## Provided data

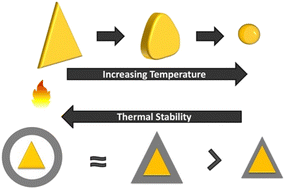 Graphical abstract: Unexpectedly high thermal stability of Au nanotriangle@mSiO2 yolk–shell nanoparticles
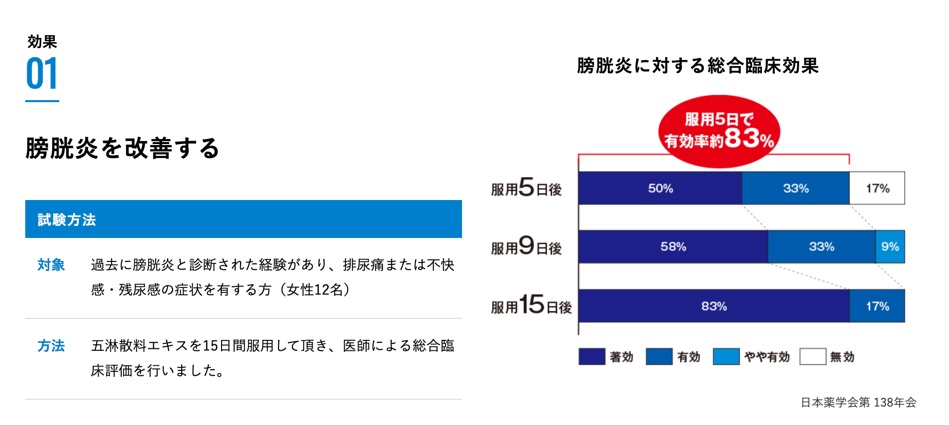 膀胱炎に対する総合臨床効果？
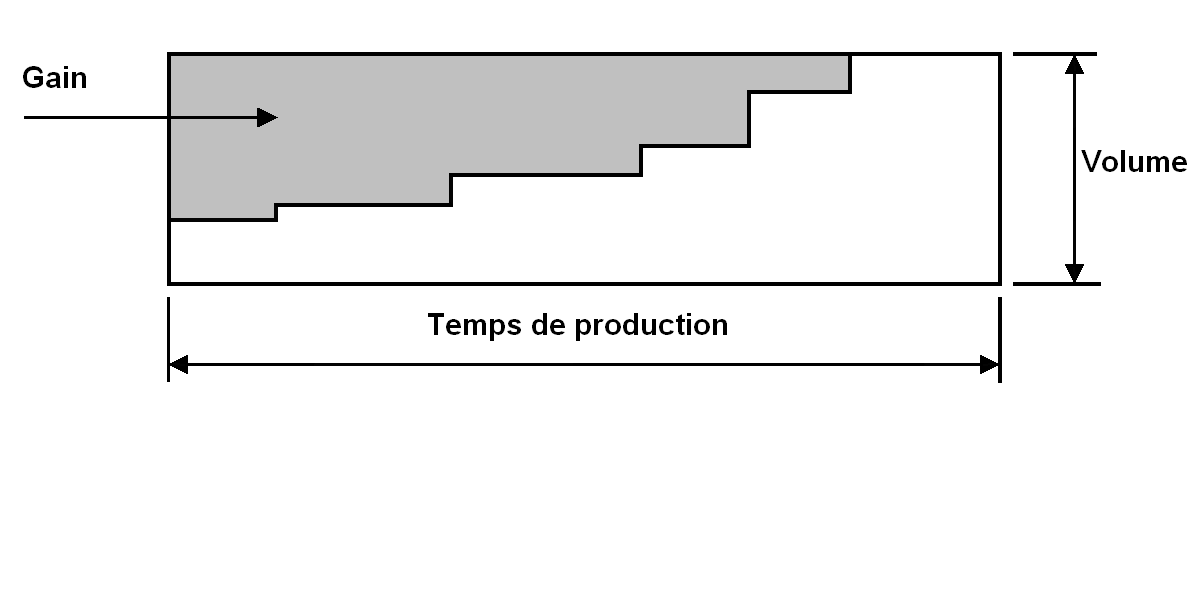 la quantité des moyens mis en place pour assurer la production (investissements, fonds de roulement) ; la durée du cycle de fabrication et d utilisation des moyens (facteur temps).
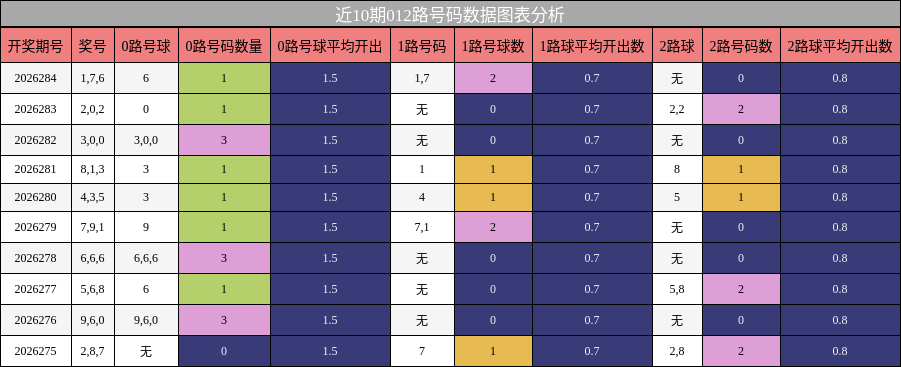 012路号码分析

## To do
Leaving out the pictures, repeat the data above exactly.

## Finished task
 Graphical abstract: Unexpectedly high thermal stability of Au nanotriangle@mSiO2 yolk–shell nanoparticles
 膀胱炎に対する総合臨床効果？
 la quantité des moyens mis en place pour assurer la production (investissements, fonds de roulement) ; la durée du cycle de fabrication et d utilisation des moyens (facteur temps).
 012路号码分析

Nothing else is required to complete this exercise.